Written by multi-award-winner Sarah Ruhl, it’s a far cry from the playwright’s “In the Next Room, or The Vibrator Play,” staged by the Rep in 2011, though it does sound a lot like “Little Buddha,” a 1993 film by Bernardo Bertolucci, in which a Seattle couple is visited by Tibetans who think their son may be a reincarnated lama. But “The Oldest Boy” has a style and approach all its own.
For one thing, the three-year-old boy is played by a puppet, worked by a pair of dancing puppeteers and voiced by a Tibetan actor/singer/dancer/musician who is, in fact, the Oldest Boy.

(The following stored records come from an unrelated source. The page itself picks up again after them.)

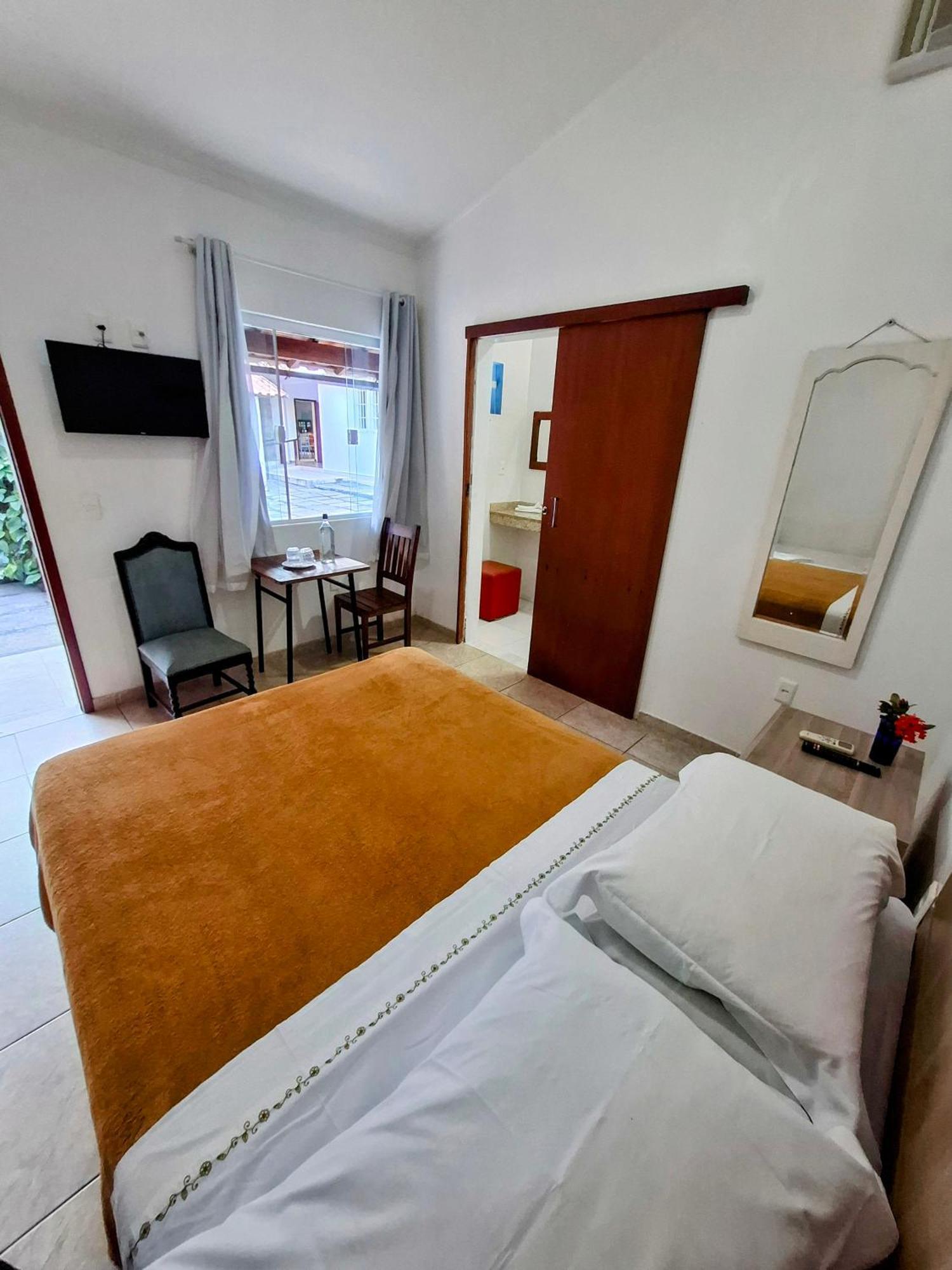 Vila Palmar Hospedagem Vassouras Eksteriør bilde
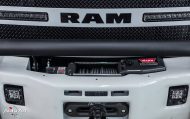 Riesiger 2017 Dodge Ram vom Tuner Auto Art aus Illinois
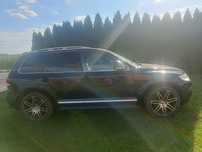 Volkswagen Touareg 5.0 tdi V10 R-line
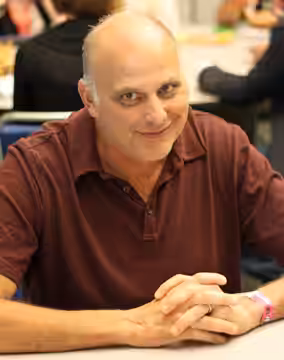 Kurt Fuller at the 2011 Comic-Con International in San Diego, California, U.S. (2010)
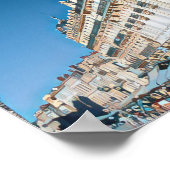 アフィシェモンペリエ写真ヴィンテージ ポスター (角)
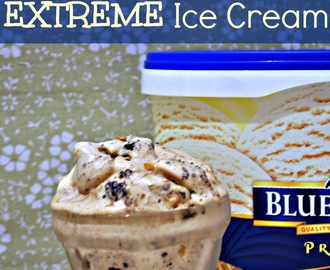 Make Your Own Cookies & Cream Extreme Ice Cream #SunsOutSpoonsOut #Ad #Cbias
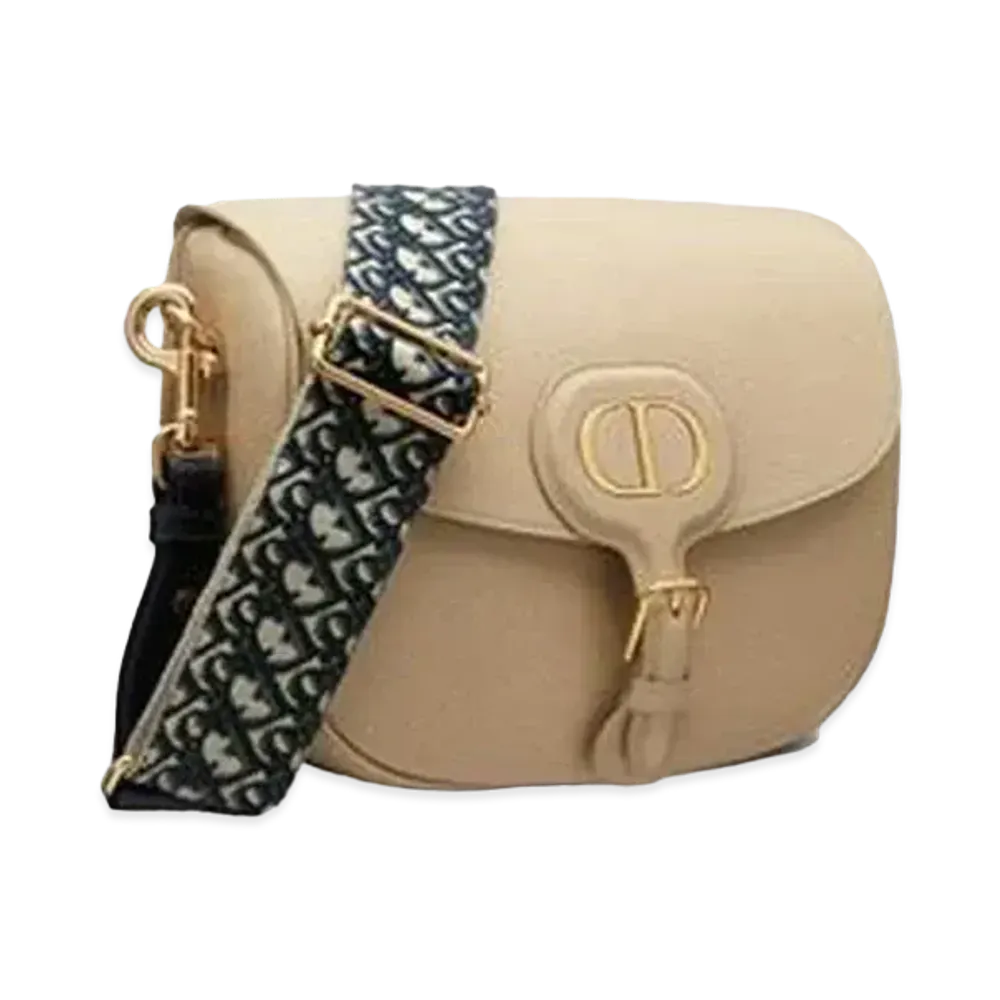 Dior Large Dior Bobby Bag "Beige"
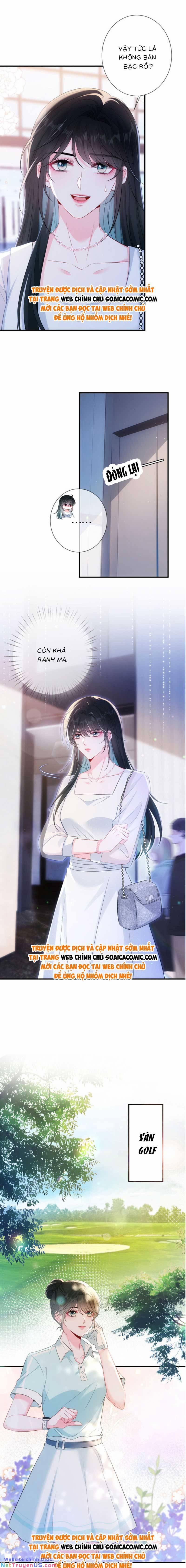 Anh Hoắc Ngoan Ngoãn Nuông Chiều Tôi 3 trang 4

Tsering Dorjee Bawa, born in Tibet, raised in India, and based in the Bay Area, was an integral part of the New York production at Lincoln Center Theater last year, appearing onstage, and acting as a cultural consultant who made sure they got all the Tibetan details right. Fresh from playing the Oldest Boy at the Marin Theatre Company in Mill Valley, he is reprising the role here, along with his continuing role as cultural consultant.
Ruhl, who, besides being a MacArthur Genius Grant recipient, Tony nominee, and this year’s most-produced female playwright in the country, is also the mother of three children, has said that the play was inspired by conversations with a longtime babysitter, originally from Tibet. After recounting her harrowing escape from Chinese–occupied Tibet to India, the woman shared a more recent story about Tibetan friends of hers in Boston who were visited by Buddhist monks and informed that their son was a reincarnated lama. They were now living in India, where the boy was in a monastery, being raised as a Buddhist priest.
The story made Ruhl consider what it meant to be a mother wanting the best for her child, but torn between personal attachment and spiritual commitment. And so “The Oldest Boy” was born.
Director Sam Woodhouse said Ruhl is one of his favorite writers. “She’s profound, whimsical, intimate and expansive,” he said. “And ‘The Oldest Boy’ is a fascinating, extraordinary piece of work. The story it tells and the way she tells it make for rich, complex, delightful theater.”
He called the play “funny, mysterious, magical, beautiful and exotic.” Can’t beat that. It’s a meditation on loving and letting go with gorgeous costumes (some from a Tibetan Cultural Center in the Bay Area), ethnic dance, gongs, bells, drums, masks and puppetry. Plus, it’s a chance to learn something about Buddhism, and the resilience and beauty of Tibetan culture. Sounds like a winning combination for the REP and audiences too.
••• IF YOU GO: “The Oldest Boy” plays Nov. 12-Dec. 6, 2015 on the Lyceum Stage, San Diego REPertory Theatre, 79 Horton Plaza, downtown San Diego. Tickets: $33-$66. Students, $20. (619) 544-1000. sdrep.org
••• RELATED EVENTS: Puppets and Their Masters, 6 p.m. Nov. 15, members of the San Diego Guild of Puppetry demonstrate the use of puppets in modern theater, moderated by REP Technical Director Mark Robertson. Meet the Artists: Nov. 20, after the 8 p.m. show, join the cast for an open discussion, hosted by REP Casting Director Jacole Kitchen. Buddhism 101: Meet the Lama, 6 p.m. Dec. 2, Lama Lhanang Rinpoche, who is both a spiritual teacher and an artist, will give an introduction to Buddhism through his paintings, on view in the Lyceum Gallery.